Start at the line with "Bombo Afrodita 10ml/30 (MiniLongfill)" in the records below, stop at the line with "2020 Chevrolet Blazer", and return every line in that span exactly, the two end lines included.

Stored data:

┄┄┄┄┄┄┄┄┄┄

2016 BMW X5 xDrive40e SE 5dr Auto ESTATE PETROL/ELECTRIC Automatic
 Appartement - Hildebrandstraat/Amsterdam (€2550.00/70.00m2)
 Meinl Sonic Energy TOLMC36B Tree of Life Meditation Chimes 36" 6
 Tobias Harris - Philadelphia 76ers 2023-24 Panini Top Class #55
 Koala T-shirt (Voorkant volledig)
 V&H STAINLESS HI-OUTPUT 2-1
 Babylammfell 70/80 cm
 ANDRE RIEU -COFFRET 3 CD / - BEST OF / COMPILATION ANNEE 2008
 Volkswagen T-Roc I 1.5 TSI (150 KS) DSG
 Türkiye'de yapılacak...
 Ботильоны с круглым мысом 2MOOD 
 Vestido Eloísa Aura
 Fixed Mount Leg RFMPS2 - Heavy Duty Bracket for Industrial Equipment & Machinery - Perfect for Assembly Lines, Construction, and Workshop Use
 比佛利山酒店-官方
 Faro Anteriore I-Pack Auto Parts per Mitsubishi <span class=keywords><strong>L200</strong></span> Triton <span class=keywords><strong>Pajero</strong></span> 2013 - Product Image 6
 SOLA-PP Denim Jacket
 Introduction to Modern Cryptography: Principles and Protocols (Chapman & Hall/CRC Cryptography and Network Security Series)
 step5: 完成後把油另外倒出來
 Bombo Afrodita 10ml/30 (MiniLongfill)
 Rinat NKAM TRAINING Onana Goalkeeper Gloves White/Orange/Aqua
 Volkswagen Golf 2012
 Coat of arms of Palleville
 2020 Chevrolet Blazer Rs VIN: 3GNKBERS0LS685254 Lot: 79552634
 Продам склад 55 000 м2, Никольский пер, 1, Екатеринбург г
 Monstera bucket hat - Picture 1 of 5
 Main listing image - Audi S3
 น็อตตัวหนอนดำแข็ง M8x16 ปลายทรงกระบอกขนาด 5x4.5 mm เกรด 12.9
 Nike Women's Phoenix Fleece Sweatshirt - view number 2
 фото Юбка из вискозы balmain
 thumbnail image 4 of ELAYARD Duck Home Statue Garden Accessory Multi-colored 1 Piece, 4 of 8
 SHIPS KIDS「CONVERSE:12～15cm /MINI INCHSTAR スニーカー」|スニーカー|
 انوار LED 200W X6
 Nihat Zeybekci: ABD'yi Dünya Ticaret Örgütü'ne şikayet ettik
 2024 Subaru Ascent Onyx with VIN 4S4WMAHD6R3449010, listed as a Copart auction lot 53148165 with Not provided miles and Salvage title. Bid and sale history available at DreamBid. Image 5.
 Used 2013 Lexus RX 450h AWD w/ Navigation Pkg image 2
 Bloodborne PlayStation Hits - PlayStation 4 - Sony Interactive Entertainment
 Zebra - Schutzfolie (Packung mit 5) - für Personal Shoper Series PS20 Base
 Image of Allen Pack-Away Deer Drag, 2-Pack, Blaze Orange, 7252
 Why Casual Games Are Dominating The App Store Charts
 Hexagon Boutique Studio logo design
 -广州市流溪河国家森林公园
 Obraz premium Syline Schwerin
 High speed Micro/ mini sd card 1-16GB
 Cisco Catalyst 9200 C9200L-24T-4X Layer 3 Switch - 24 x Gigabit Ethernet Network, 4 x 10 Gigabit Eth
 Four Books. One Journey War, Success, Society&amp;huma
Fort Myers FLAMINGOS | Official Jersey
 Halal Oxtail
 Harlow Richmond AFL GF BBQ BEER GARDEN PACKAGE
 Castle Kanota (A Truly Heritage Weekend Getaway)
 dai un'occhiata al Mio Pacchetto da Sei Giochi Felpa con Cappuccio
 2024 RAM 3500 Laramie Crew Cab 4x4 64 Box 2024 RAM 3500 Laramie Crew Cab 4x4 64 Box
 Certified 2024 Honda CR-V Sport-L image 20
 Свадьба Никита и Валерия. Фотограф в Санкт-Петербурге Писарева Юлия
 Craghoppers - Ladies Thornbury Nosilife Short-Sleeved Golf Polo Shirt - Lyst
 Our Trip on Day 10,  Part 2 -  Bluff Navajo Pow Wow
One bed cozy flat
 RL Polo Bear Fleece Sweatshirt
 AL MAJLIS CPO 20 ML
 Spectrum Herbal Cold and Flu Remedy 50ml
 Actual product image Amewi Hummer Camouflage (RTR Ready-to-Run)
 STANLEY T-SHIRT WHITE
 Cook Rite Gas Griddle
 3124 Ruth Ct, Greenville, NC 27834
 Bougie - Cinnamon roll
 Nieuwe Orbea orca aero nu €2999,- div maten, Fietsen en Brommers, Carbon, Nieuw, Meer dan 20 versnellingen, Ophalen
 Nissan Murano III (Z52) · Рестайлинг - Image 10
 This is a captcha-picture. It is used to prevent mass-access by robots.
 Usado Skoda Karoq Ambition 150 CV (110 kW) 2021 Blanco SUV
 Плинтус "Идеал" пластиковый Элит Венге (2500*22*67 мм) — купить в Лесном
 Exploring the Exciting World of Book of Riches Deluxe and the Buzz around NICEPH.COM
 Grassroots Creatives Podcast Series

┄┄┄┄┄┄┄┄┄┄

ANSWER TO THIS TASK:
 Bombo Afrodita 10ml/30 (MiniLongfill)
 Rinat NKAM TRAINING Onana Goalkeeper Gloves White/Orange/Aqua
 Volkswagen Golf 2012
 Coat of arms of Palleville
 2020 Chevrolet Blazer Rs VIN: 3GNKBERS0LS685254 Lot: 79552634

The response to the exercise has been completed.